• [Work order]:
From the line with "CREST Cavity Protection" through the line with "Защита рук handbary", repeat the entries verbatim, both end lines included, and add nothing.

• [Materials provided]:
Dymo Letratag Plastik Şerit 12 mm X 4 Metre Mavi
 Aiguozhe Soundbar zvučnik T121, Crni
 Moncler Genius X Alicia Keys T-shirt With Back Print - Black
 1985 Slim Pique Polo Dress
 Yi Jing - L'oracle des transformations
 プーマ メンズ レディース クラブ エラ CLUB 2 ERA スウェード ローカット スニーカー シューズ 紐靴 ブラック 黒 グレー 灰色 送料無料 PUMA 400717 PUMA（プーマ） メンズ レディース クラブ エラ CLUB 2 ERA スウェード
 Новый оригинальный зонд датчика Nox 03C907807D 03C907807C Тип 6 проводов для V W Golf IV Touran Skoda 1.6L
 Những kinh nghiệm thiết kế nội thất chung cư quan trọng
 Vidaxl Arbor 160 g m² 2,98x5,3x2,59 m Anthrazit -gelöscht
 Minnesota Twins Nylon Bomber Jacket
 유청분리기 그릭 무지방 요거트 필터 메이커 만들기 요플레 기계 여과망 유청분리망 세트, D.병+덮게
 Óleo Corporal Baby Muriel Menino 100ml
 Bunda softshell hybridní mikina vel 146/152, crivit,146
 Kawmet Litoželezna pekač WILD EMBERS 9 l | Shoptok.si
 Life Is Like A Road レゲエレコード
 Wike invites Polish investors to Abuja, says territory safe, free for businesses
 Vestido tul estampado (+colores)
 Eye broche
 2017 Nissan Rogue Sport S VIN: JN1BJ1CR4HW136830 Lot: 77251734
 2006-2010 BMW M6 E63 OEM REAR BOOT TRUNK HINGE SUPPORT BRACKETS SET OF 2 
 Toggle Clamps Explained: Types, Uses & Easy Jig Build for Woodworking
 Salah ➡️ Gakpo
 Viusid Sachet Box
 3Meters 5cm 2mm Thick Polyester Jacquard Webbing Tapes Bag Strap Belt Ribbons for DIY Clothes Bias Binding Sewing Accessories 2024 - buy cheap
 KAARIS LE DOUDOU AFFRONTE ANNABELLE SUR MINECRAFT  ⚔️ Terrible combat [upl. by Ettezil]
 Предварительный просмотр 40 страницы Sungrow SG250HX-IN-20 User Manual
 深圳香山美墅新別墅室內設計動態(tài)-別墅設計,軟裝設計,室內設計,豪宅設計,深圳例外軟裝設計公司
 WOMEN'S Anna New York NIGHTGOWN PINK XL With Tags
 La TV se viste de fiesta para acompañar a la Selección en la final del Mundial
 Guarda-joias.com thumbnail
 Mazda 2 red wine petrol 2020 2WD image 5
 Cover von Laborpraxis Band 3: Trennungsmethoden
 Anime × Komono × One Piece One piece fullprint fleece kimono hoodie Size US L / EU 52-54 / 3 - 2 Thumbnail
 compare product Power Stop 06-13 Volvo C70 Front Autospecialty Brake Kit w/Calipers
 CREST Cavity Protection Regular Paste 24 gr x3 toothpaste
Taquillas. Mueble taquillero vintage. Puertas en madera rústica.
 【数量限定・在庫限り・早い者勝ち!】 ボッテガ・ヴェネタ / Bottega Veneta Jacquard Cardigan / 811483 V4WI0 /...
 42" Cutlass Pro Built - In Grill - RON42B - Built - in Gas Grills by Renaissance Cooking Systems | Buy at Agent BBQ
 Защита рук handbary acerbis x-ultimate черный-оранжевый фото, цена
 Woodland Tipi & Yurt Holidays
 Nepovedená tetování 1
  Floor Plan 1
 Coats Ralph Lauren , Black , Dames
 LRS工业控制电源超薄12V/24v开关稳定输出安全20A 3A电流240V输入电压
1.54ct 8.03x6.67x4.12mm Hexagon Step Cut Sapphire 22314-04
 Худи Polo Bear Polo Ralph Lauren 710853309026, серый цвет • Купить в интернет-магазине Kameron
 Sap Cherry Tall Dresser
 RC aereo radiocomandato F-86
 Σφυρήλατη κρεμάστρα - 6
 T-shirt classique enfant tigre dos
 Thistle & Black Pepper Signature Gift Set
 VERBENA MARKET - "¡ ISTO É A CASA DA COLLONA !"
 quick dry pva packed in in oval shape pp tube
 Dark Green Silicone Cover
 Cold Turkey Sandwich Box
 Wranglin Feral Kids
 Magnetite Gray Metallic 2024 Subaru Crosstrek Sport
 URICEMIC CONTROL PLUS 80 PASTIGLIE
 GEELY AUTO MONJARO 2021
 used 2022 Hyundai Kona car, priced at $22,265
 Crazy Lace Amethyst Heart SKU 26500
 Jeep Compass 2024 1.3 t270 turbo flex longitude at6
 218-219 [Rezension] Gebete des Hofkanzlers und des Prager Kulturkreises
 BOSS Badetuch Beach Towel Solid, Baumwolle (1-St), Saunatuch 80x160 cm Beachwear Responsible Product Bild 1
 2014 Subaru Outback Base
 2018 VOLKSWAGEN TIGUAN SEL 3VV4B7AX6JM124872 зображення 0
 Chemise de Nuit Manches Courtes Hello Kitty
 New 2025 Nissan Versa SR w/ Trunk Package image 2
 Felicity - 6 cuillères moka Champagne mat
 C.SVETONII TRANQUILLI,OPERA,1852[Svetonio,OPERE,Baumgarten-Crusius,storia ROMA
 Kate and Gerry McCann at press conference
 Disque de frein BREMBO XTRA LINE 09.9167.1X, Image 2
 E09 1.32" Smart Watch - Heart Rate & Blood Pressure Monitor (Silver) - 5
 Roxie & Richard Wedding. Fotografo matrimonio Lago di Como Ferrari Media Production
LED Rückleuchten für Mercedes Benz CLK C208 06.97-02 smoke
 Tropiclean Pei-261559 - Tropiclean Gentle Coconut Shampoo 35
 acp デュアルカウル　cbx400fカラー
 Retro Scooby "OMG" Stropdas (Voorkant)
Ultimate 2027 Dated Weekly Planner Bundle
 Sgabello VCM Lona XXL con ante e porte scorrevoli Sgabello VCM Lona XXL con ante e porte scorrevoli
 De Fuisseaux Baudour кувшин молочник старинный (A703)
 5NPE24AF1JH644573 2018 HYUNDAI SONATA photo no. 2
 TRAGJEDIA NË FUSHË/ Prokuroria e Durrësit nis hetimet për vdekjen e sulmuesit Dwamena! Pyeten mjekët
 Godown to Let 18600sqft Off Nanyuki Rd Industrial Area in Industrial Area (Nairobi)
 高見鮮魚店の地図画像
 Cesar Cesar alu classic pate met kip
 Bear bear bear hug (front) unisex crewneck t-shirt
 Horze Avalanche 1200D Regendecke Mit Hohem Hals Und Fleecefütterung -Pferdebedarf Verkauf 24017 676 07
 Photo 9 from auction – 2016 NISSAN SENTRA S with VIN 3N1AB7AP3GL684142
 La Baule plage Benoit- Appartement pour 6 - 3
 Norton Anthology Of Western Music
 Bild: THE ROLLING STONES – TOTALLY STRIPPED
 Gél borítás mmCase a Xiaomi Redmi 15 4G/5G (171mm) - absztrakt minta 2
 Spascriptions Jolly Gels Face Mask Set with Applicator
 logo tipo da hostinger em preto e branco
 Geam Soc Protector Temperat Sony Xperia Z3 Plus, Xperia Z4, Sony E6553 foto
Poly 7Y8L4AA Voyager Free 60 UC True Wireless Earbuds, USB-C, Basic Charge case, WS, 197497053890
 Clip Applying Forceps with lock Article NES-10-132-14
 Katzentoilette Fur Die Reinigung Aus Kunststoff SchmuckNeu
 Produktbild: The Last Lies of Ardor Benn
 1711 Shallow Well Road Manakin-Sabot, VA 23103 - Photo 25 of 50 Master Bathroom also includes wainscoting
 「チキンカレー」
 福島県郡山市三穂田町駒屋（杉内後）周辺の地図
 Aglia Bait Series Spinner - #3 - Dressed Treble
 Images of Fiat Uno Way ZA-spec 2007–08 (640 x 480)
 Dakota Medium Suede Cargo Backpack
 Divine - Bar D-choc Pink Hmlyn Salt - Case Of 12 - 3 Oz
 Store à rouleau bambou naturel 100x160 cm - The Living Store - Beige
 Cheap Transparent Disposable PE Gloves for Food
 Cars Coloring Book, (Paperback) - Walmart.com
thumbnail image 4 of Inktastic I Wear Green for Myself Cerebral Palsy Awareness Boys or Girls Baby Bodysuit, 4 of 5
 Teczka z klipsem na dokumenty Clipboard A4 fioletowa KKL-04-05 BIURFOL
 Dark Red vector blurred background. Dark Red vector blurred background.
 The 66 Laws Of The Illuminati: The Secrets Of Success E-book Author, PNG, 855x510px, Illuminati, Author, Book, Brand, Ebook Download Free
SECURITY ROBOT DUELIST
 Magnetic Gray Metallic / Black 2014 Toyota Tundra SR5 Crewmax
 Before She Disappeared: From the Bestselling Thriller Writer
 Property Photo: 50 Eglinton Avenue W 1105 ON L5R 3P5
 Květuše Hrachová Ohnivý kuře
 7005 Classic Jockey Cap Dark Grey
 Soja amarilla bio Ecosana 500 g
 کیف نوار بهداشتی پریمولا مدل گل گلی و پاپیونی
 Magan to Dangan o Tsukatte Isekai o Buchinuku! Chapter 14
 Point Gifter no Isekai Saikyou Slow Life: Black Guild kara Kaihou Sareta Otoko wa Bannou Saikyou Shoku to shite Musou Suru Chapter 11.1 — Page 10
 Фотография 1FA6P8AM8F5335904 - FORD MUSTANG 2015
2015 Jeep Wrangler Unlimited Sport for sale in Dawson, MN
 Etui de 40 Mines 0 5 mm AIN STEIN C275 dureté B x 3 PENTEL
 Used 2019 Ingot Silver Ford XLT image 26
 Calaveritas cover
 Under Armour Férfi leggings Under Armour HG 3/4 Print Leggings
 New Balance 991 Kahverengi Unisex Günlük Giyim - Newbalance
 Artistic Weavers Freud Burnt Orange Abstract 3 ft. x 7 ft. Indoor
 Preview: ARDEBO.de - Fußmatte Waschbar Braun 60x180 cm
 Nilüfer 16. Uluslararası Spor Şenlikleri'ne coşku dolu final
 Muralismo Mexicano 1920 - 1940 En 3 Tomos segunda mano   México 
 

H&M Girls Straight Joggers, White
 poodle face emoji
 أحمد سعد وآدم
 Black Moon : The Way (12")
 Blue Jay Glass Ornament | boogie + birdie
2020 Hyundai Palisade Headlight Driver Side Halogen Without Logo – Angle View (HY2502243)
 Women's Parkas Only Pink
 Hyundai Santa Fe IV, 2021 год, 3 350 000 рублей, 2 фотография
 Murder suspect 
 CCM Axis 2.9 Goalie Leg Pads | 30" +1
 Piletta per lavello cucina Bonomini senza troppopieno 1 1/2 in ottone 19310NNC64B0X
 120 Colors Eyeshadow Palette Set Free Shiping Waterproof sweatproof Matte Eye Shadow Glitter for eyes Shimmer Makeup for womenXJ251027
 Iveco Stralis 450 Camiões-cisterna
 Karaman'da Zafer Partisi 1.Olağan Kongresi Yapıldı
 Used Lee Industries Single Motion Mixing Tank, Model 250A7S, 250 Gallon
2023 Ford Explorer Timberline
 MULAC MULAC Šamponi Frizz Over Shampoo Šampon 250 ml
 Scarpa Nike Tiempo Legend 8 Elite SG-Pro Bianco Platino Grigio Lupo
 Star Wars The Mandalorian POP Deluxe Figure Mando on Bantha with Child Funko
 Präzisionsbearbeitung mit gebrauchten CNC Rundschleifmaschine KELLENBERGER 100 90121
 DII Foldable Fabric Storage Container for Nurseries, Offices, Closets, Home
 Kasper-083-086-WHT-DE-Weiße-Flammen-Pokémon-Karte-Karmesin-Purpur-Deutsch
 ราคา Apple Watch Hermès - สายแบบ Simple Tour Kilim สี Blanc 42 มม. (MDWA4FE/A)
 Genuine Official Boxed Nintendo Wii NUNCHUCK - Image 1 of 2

• [Response below]:
 CREST Cavity Protection Regular Paste 24 gr x3 toothpaste
Taquillas. Mueble taquillero vintage. Puertas en madera rústica.
 【数量限定・在庫限り・早い者勝ち!】 ボッテガ・ヴェネタ / Bottega Veneta Jacquard Cardigan / 811483 V4WI0 /...
 42" Cutlass Pro Built - In Grill - RON42B - Built - in Gas Grills by Renaissance Cooking Systems | Buy at Agent BBQ
 Защита рук handbary acerbis x-ultimate черный-оранжевый фото, цена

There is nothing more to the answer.